== Task instructions ==
After locating the line that contains "CANLI| Turgutluspor - Eynesil", transcribe exactly that line and each one after it until the data ends, skipping pictures.

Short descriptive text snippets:
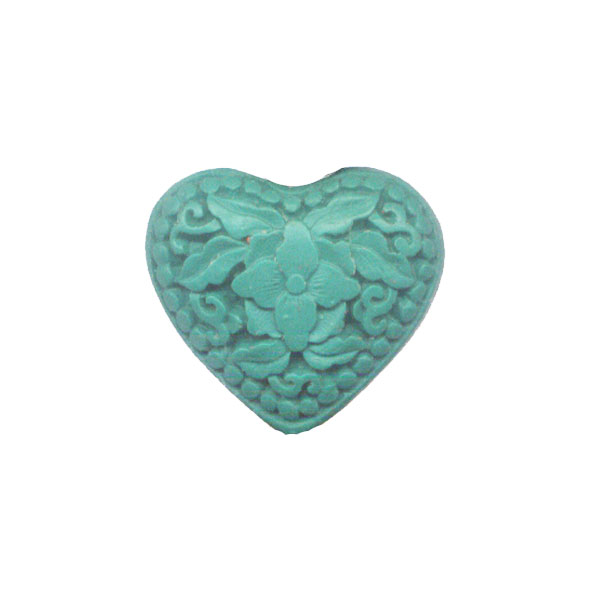 CINNABAR HEART 27X30MM TQ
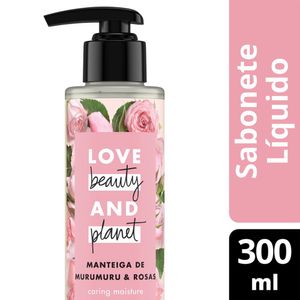 Sabonete Líquido Manteiga de Murumuru & Rosas Caring Moisture Love Beauty and Planet 300ML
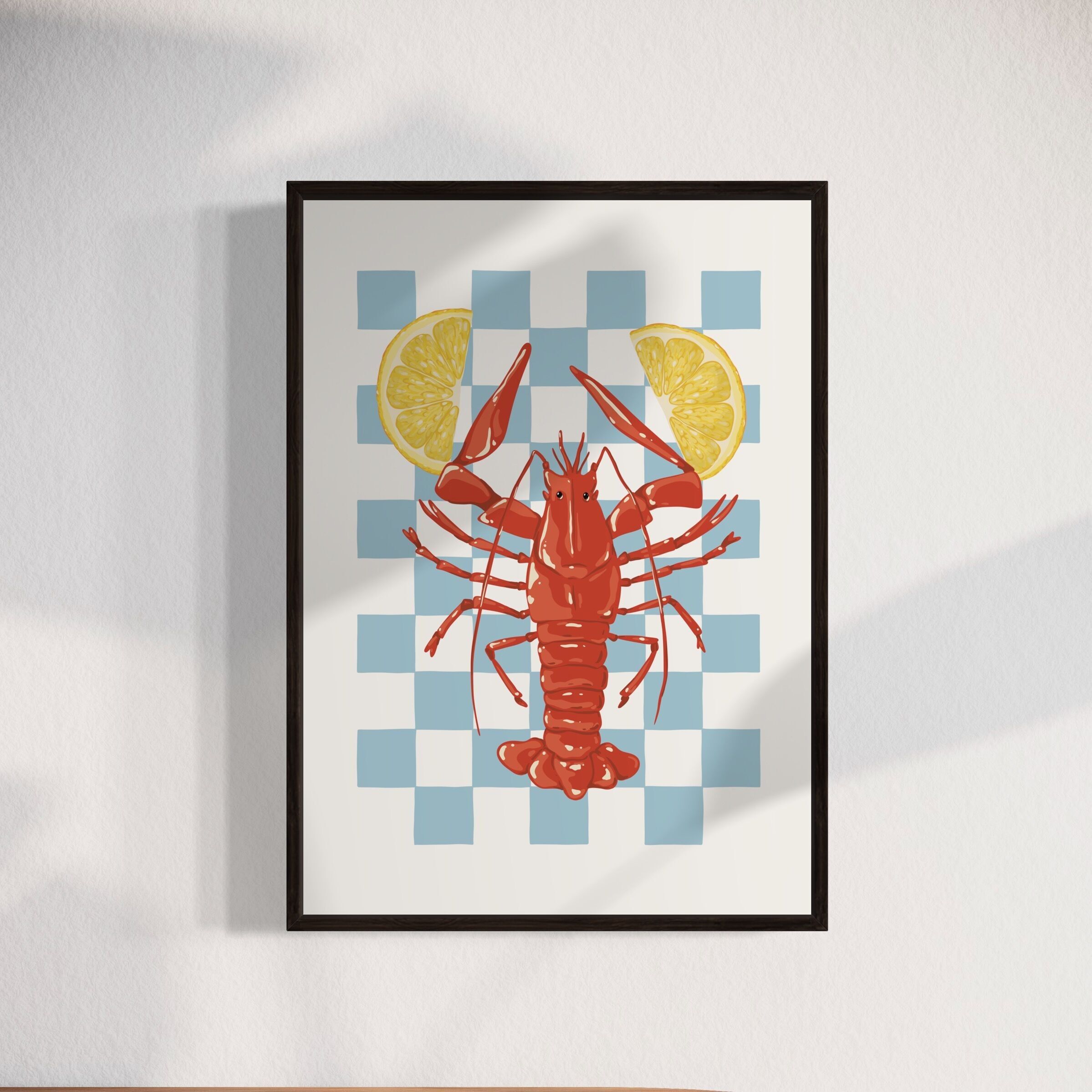 "Lemon Lobster" Illustrazione Stampa artistica Poster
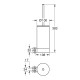 Grohe 41215KF0 Selection Щітка д/унітазу, чорний матовий, колба біла lection Щітка д/унітазу, чорний матовий, колба біла (41215KF0)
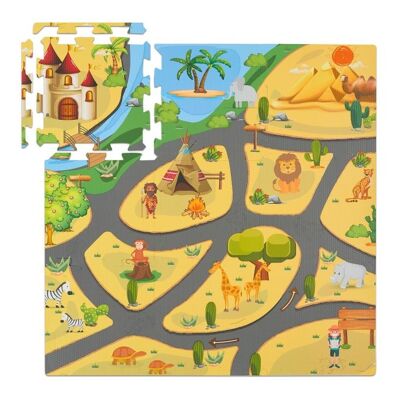 Tapis puzzle WOODENFURN Safari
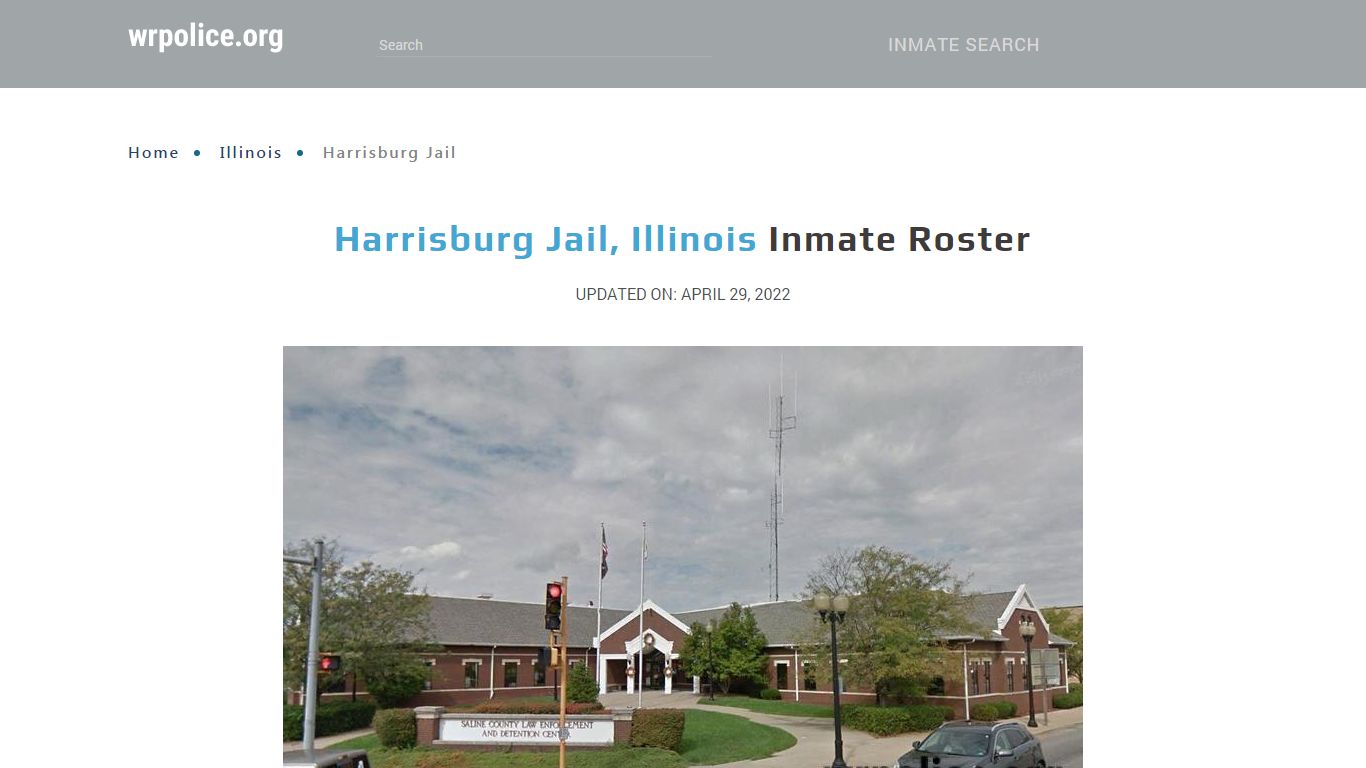 Harrisburg Jail, Illinois - Inmate Locator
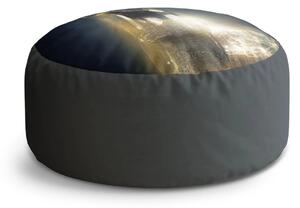 Sablio Taburet Circle Orel: 38x48 cm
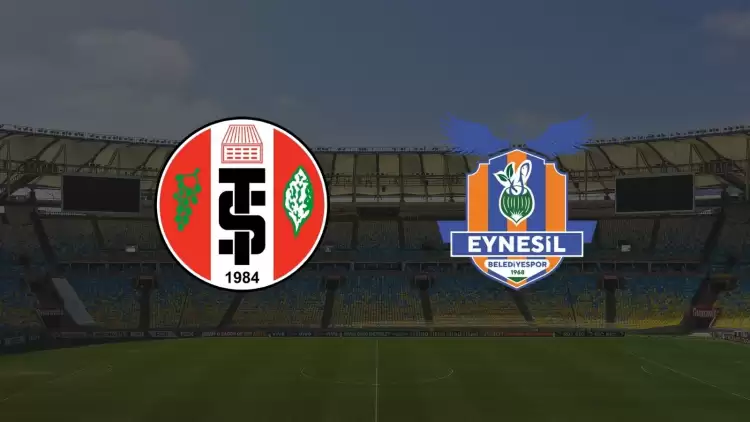 CANLI| Turgutluspor - Eynesil Belediyespor maçı yayın bilgisi ve saati 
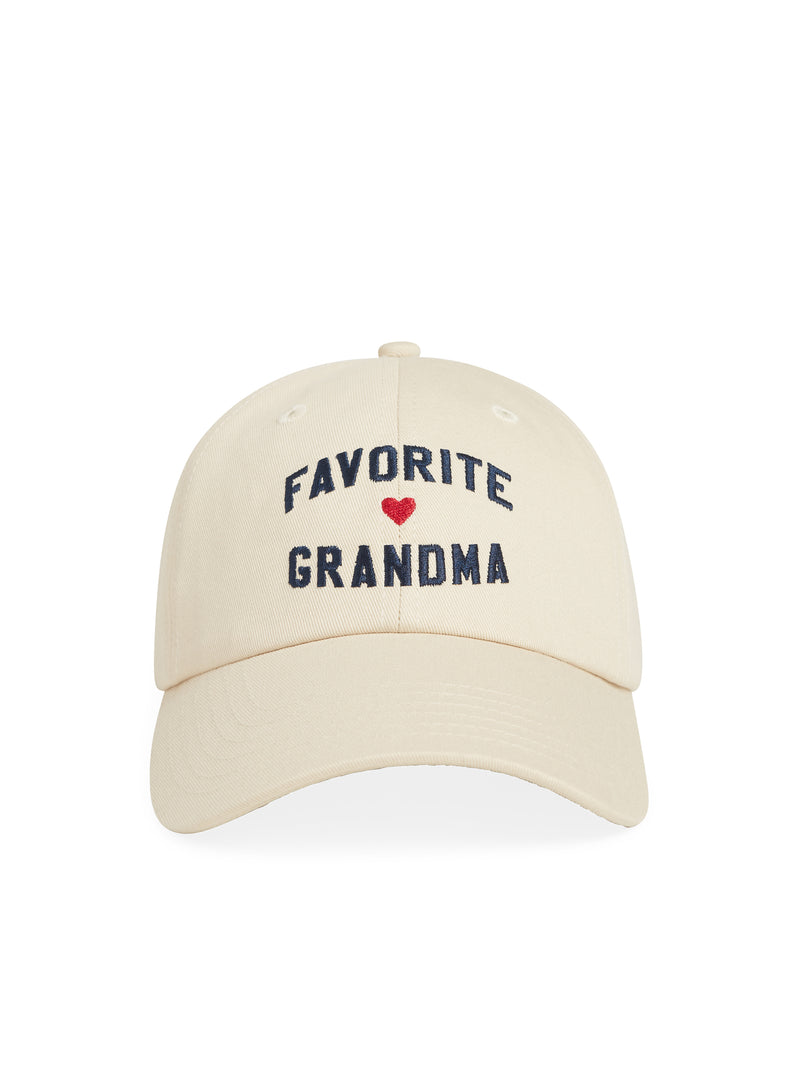 Favorite Grandma Baseball Cap Khaki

== Exercise answer ==
 CANLI| Turgutluspor - Eynesil Belediyespor maçı yayın bilgisi ve saati 
 Favorite Grandma Baseball Cap Khaki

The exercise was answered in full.